Fire in a Village with a Tavern
oil, canvas, 82 x 105 cm
NG S 815, National Gallery of Slovenia, Ljubljana
On the first of these two paintings – which are pendants – we see fire and big clouds of smoke billowing out of the house in the middle, which is built of stone and wood. The fire has frightened a joyous company in the tavern in the foreground, interrupted a couple’s dance and scattered the drinkers who were sitting around a table. There is a sundial on the wall of the house on the right. On the second painting wildly flickering flames have forced the occupants of the houses to flee to safety half naked: on the right a farmer is trying to save his livestock from a stable. Other men are attempting to extinguish the fire with water and climbing a ladder; on the left we see a horse dragging a tub full of water.
It may be that these are scenes of some historical event, or that they have some moral import: fire as punishment for the sinners thronging the tavern. The tentative attribution of these paintings to Gillis van Valckenborch is based on the traditional record Valkenburg, with which the paintings were catalogued in the Landesbildergalerie in Graz, on the style, and also on the motif. The style of both pictures does in fact have considerable affinity with Gillis’ signed painting in Braunschweig, in particular in the presentation of the forms and in the brushwork, which interprets motifs and models of northern Mannerism, particularly evident in the second picture. Fires must have been one of Gillis’ favourite motifs, since the sources mention a large painting, the Burning of Troy, lost or destroyed today, which was also in Braunschweig until 1714.

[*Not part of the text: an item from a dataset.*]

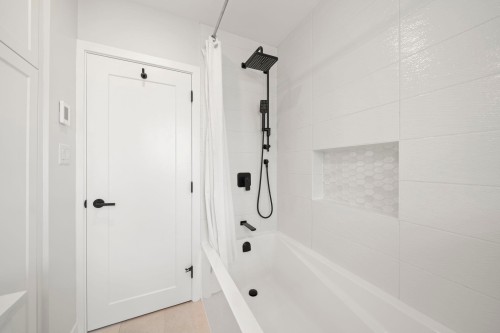 5301 10A Avenue, Delta, BC - Indoor Photo Showing Bathroom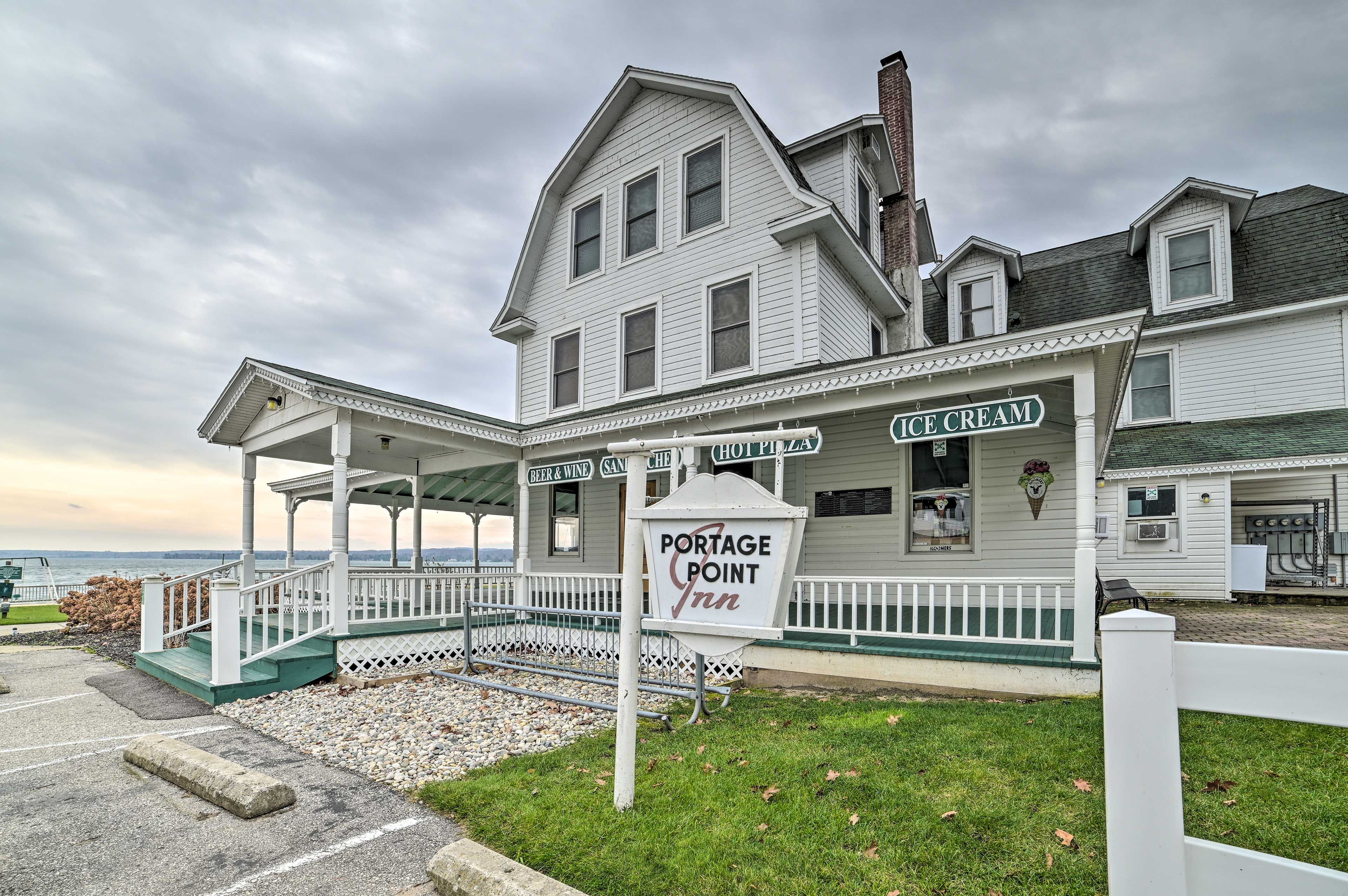 Resort Exterior | Outdoor Pool | Hot Tub | Beach Access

Restored: 1983, Kemal Selmanović.
Provenance: Collection of the Counts of Attems in Graz (entail); LBG 52 and 96 (van Valkenburg: Nocturnal Fire, Dutch, 17C); Rogaška Slatina spa, 1903; Narodna galerija, Ljubljana, 1932, old Inv. No. 455 and 456 (17C paintings).
Exhibition: 1983, Ljubljana, Nos. 86 and 87.
Lit.: Zeri [& Rozman] 1983, pp. 157–158, Cat. Nos. 86 and 87, Fig. 87 and 88.